Au Québec L’émergence de la médiation culturelle résulte d’un bouleversement socio-économique (Lafortune 2013, pp. 1-2 et 11-13). Tirant parti des nombreuses crises des années 1980, crises économique, politique, culturelle et environnementale, le Québec, et plus particulièrement les municipalités, considèrent la médiation culturelle comme voie de la raison. Les accords de développement culturel avec le ministère de la Culture et des Communications inaugurées en 1995 aboutissent en 2011 à un résultat conséquent pour la politique culturelle puisque cent cinquante-quatre villes, soit 86% de la population de cet état, y ont souscrit (Lafortune 2012, p. 7).
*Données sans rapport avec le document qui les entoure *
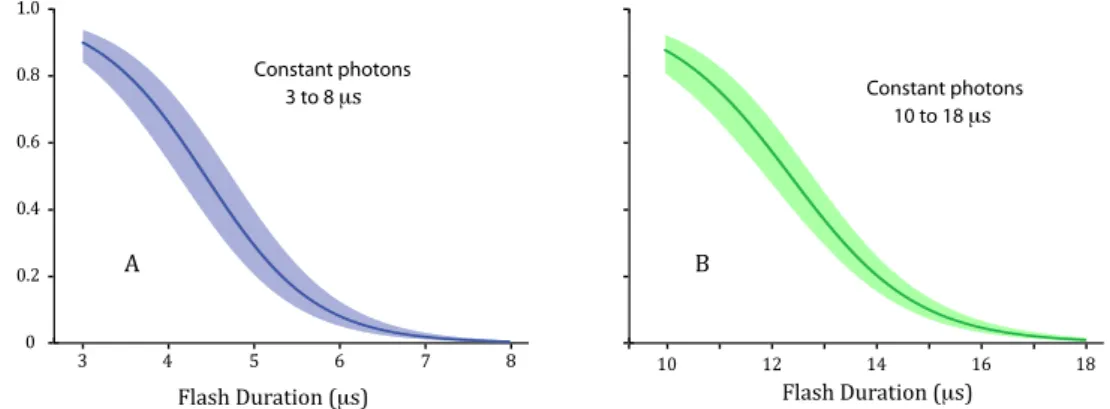 Figure 4. The two panels plot the hit rates in Experiments 3 and 4 as a function of lash duration, with the added  condition that the quantity of photons was held constant irrespective of duration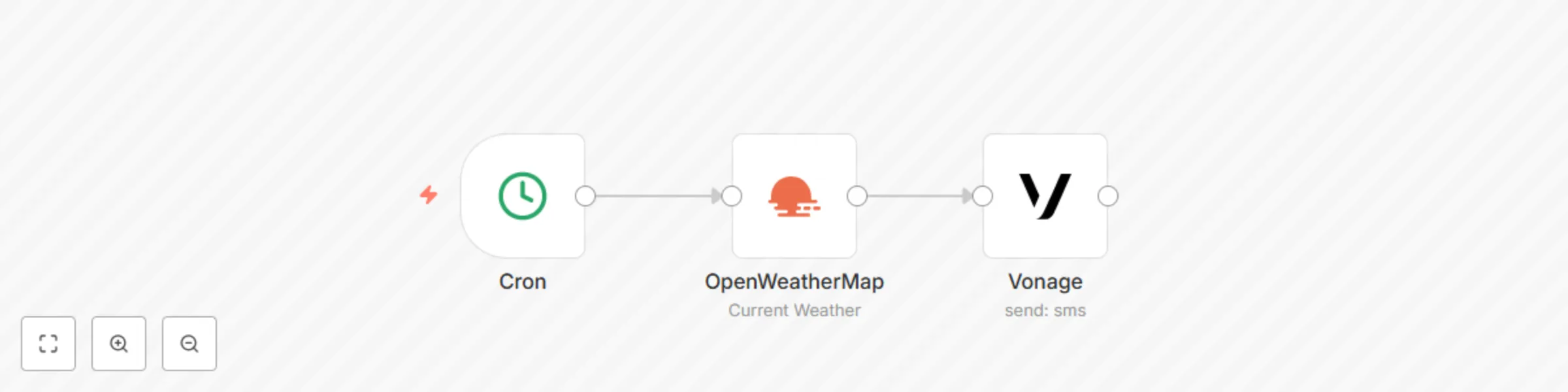 Workflow preview: Send daily weather updates to a phone number using the Vonage node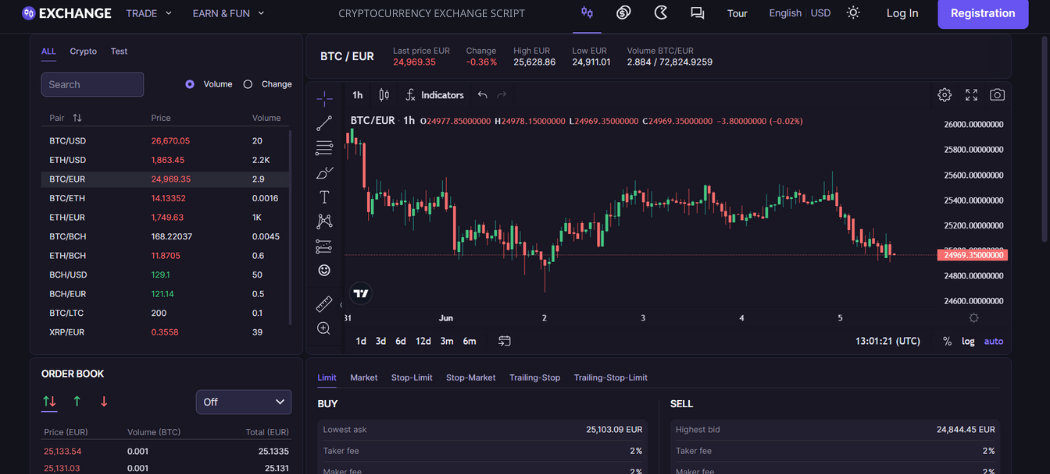 Cryptocurrency Exchange Script | MetaDiac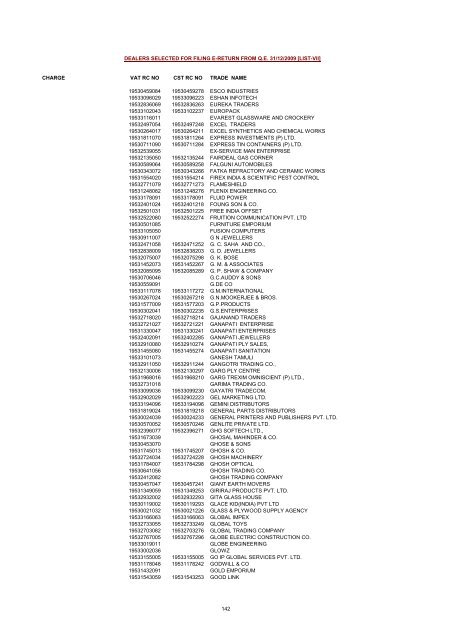 CHARGE VAT RC NO CST RC NO TRADE NAME AMRATALA ...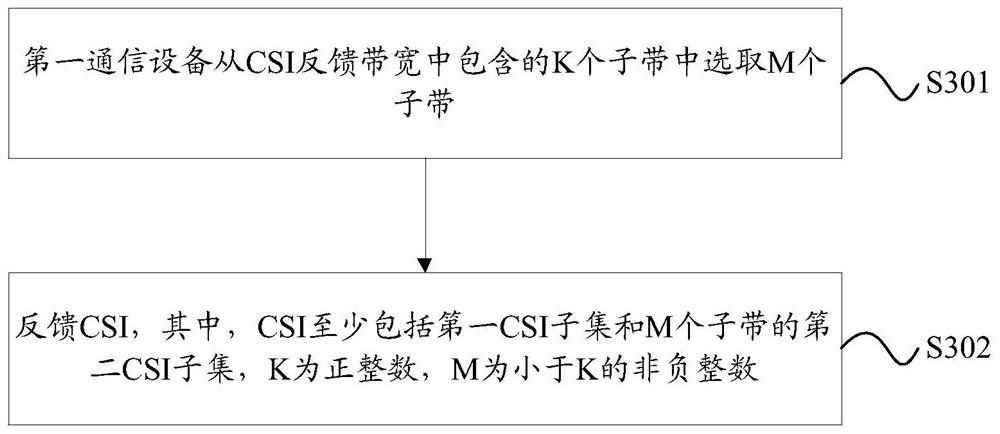 Channel state information feedback method, information transmission method and device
Ces rapprochements, qui visent en particulier à accroître « la vitalité culturelle des collectivités », à augmenter « la participation de la citoyenne et du citoyen au développement culturel des collectivités », à affirmer « l’identité et l’appartenance » et à assurer un « dynamisme économique, social et démocratique » (Ministère de la Culture et des Communications 2016), débouchent sur la mise à disposition des municipalités d’un large budget pour les dépenses culturelles (31% des dépenses totales). À l’instar des autres pays, notons que les premiers à mettre en place de la médiation culturelle sont essentiellement les milieux de l’art (musées), en réponse à « la fragmentation des publics et à la fracture sociale » (Lafortune 2012, p. 12). En archivistique, des initiatives émergent peu à peu. Citons pour exemple les journées « Rares et Précieux » tenues aux Musées de la Civilisation (Delrieu 2014). Certes, l’impulsion est donnée dans un cadre muséal. Cette institution a pourtant su également mettre en avant les collections sises en son centre d’archives. Avec ses « portes ouvertes », le musée propose de rebondir sur l’actualité pour présenter au public une partie de son fonds. Le lien avec les visiteurs fait partie des éléments-clefs de la médiation culturelle. Le point de contact, en quelque sorte. Car comme le rappelle Mallet, « [o]n ne s’approprie que ce dans quoi on peut se reconnaître, mais aussi ce qu’on peut transformer pour le rendre semblable à ce que l’on est » (Mallet cité dans Delrieu 2014, p. 63).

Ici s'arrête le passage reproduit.